Sobre todo, me irritaba el recuerdo de nuestra última entrevista, la gratuidad de sus mentiras, no llegar a entender por qué me había ido a visitar, con riesgos, para mentir por última vez. Porque Betty sólo me servía para la lástima o el desprecio; pero yo estaba creyendo en su historia, me sentía seguro de la incesante suciedad de la vida.

Un Ford pintado de azul roncaba subiendo la cuesta, detrás del chalet de techo rojo, salió al camino y cruzó delante de la baranda siguiendo hasta la puerta del hotel. Vi bajar a un policía con su desteñido uniforme de verano, a un hombre extraordinariamente alto y flaco con traje de anchas rayas y un joven vestido de gris, rubio, sin sombrero, al que veía sonreír a cada frase, sosteniendo el cigarrillo con dos dedos alargados frente a la boca.

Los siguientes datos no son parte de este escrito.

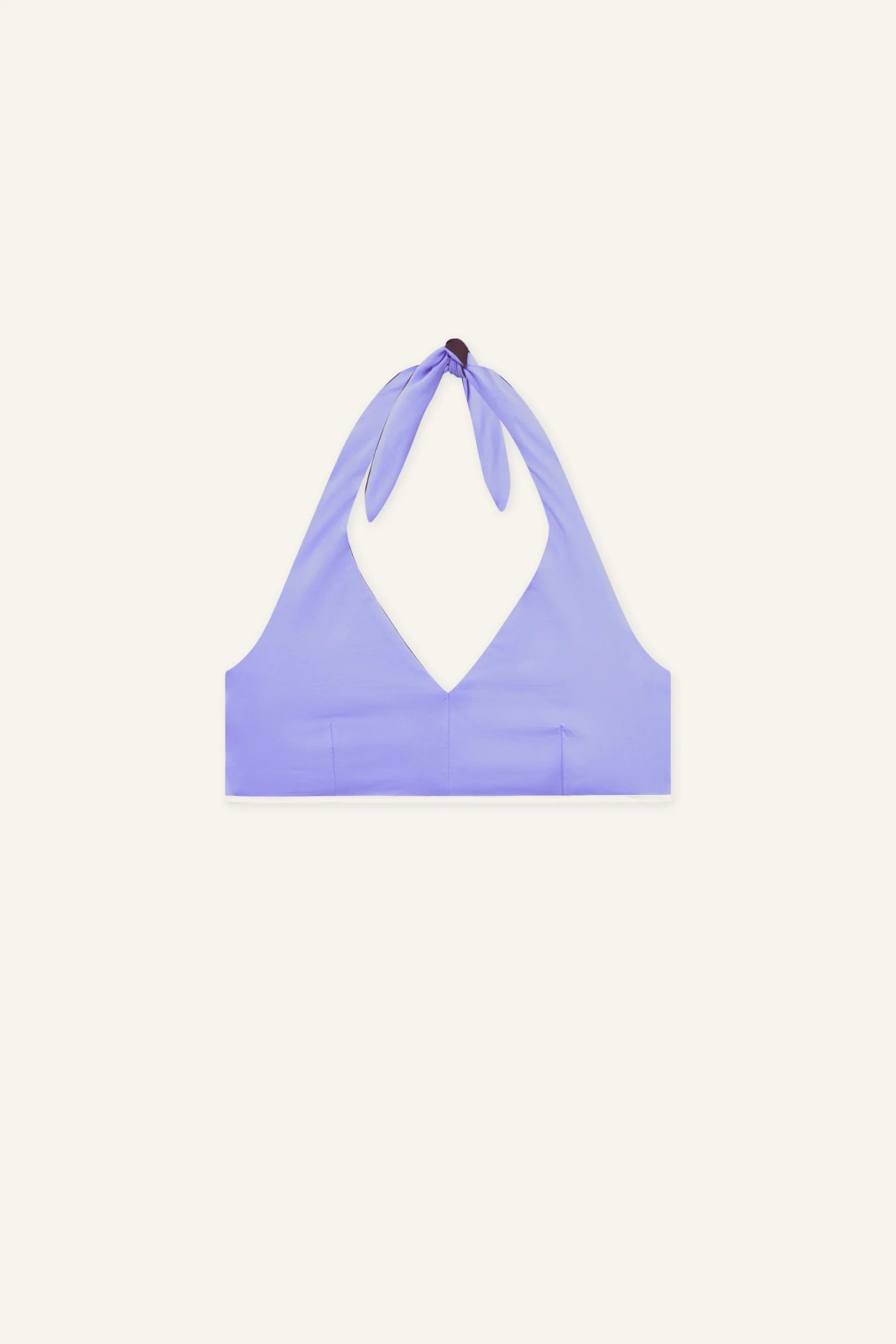 MYMARINI Bikini-Top in Flieder, Neckholder-Schnitt mit hinter dem Nacken gebundener Schlaufe, breiter Unterband.#color_chocolate-lilac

El gerente del hotel bajó con lentitud la escalera y se acercó a ellos mientras el mozo de la noche anterior salía de atrás de una columna de la escalinata, en mangas de camisa, haciendo brillar su cabeza retinta. Todos hablaban con pocos gestos, sin casi cambiar el lugar, el lugar donde tenían apoyados los pies, y el gerente sacaba un pañuelo del bolsillo interior del saco, se lo pasaba por los labios y volvía a guardarlo profundamente para, a los pocos segundos, extraerlo con un movimiento rápido y aplastarlo y moverlo sobre su boca. Entré para comprobar que la mujer se había ido; y al salir nuevamente a la galería, al darme cuenta de mis propios movimientos, de la morosidad con que deseaba vivir y ejecutar cada actitud como si buscara acariciar con las manos lo que éstas habían hecho, sentí que era feliz en la mañana, que podía haber otros días esperándome en cualquier parte.

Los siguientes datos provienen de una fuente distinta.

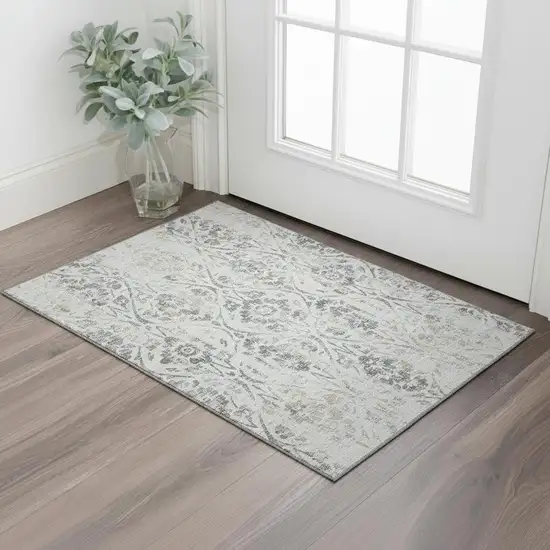 Gray And Blue Floral Washable Area Rug With UV Protection Photo 1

Vi que el mozo miraba hacia el suelo y los otros cuatro hombres alzaban la cabeza, y me dirigían caras de observación distraída. El joven rubio tiró el cigarrillo lejos; entonces comencé a separar los labios hasta sonreír y saludé, moviendo la cabeza, al gerente, y en seguida, antes de que pudiera contestar, antes de que se inclinara, mirando siempre hacia la galería, golpeándose la boca con el pañuelo, alcé una mano y repetí mi saludo. Volví al cuarto para terminar de vestirme.

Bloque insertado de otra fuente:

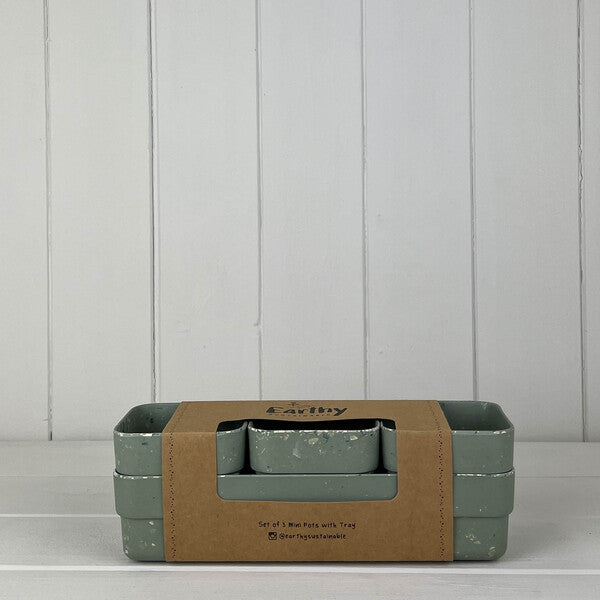 Earthy Sage Bamboo Terrazzo Trio Pots with Tray 23cm x 7.5cm H7.5cm  Weight-1540g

Estuve un momento en el comedor, mirando desayunar a los pasajeros y después decidí tomar una ginebra, nada más que una, junto al mostrador del bar, compré cigarrillos y bajé hasta el grupo que esperaba al pie de la escalera. El gerente volvió a saludarme y noté que la mandíbula le temblaba, apenas, rápidamente. Dije algunas palabras y oí que hablaban; el joven rubio vino a mi lado y me tocó un brazo. Todos estaban en silencio y el rubio y yo nos miramos y sonreímos. Le ofrecí un cigarrillo y él lo encendió sin apartar los ojos de mi cara; después dio tres pasos retrocediendo y volvió a mirarme. Tal vez nunca hubiera visto la cara de un hombre feliz; a mí me pasaba lo mismo. Me dio la espalda, caminó hasta el primer árbol del jardín y se apoyó allí con un hombre. Todo aquello tenía un sentido y, sin comprenderlo, supe que estaba de acuerdo y moví la cabeza asintiendo. Entonces el hombre altísimo dijo:

– ¿Vamos hasta la playa en el coche?

Me adelanté y fui a instalarme junto al asiento del chofer. El hombre alto y el rubio se sentaron atrás. El policía llegó sin apuro al volante y puso en marcha el coche. En seguida rodamos velozmente en la calmosa mañana; yo sentía el olor del cigarrillo que estaba fumando el muchacho, sentía el silencio y la quietud del otro hombre, la voluntad rellenando ese silencio y esa quietud. Cuando llegamos a la playa el coche atracó junto a un montón de piedras grises que separaban el camino de la arena. Bajamos, pasamos alzando las piernas por encima de las piedras y caminamos hacia el mar. Yo iba junto al muchacho rubio.

Nos detuvimos en la orilla. Estábamos los cuatro en silencio, con las corbatas sacudidas por el viento. Volvimos a encender cigarrillos.